▶ What needs to be done: Repeat the stretch of entries below from the line with "Kommode med 3" through the line with "MIRA Safety Gas". Include both ends and add nothing.

▶ Provided records:
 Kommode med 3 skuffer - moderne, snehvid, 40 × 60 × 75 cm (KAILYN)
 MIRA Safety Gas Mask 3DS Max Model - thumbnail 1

---

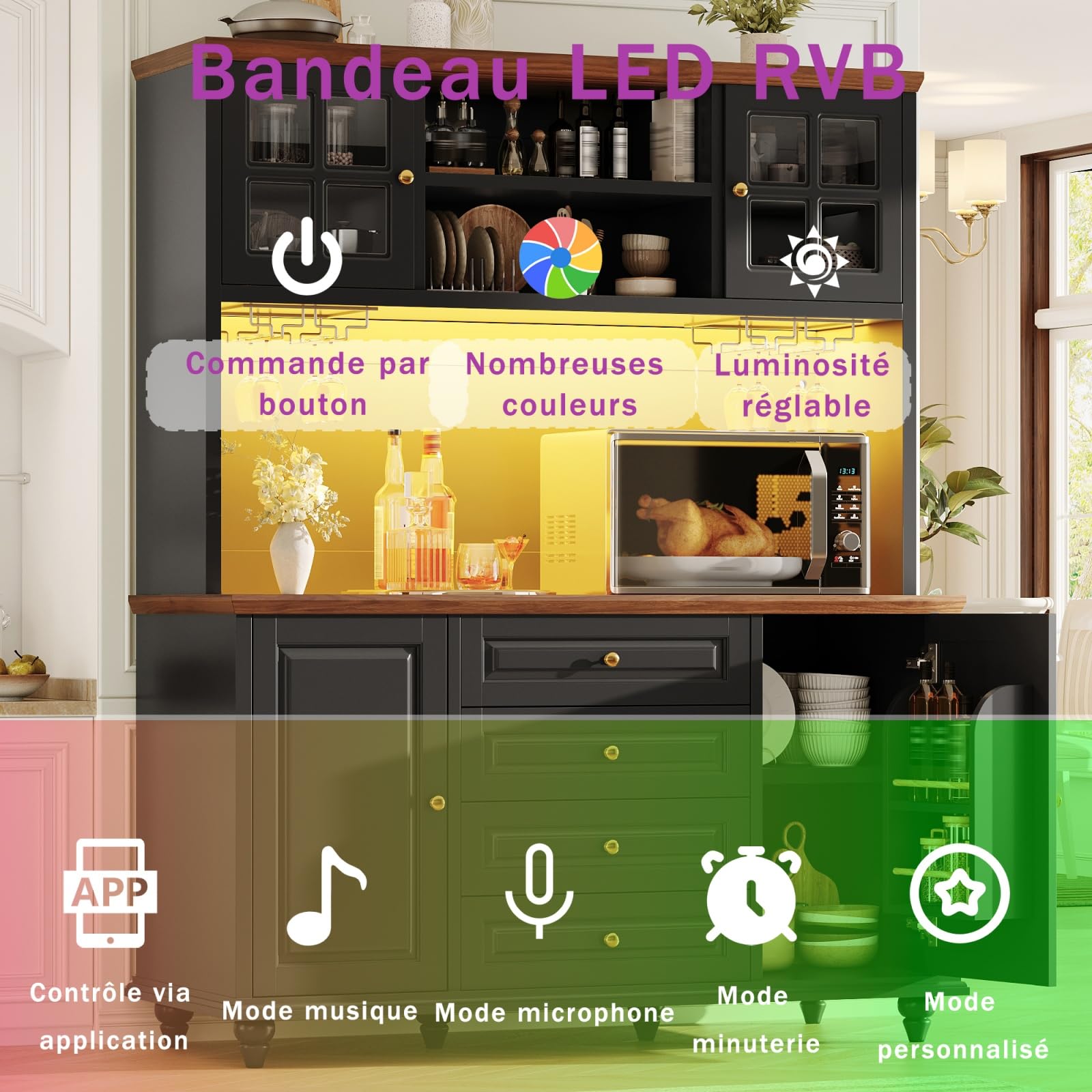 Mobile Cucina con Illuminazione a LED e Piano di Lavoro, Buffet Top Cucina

▶ Output of the exercise:
 Kommode med 3 skuffer - moderne, snehvid, 40 × 60 × 75 cm (KAILYN)
 MIRA Safety Gas Mask 3DS Max Model - thumbnail 1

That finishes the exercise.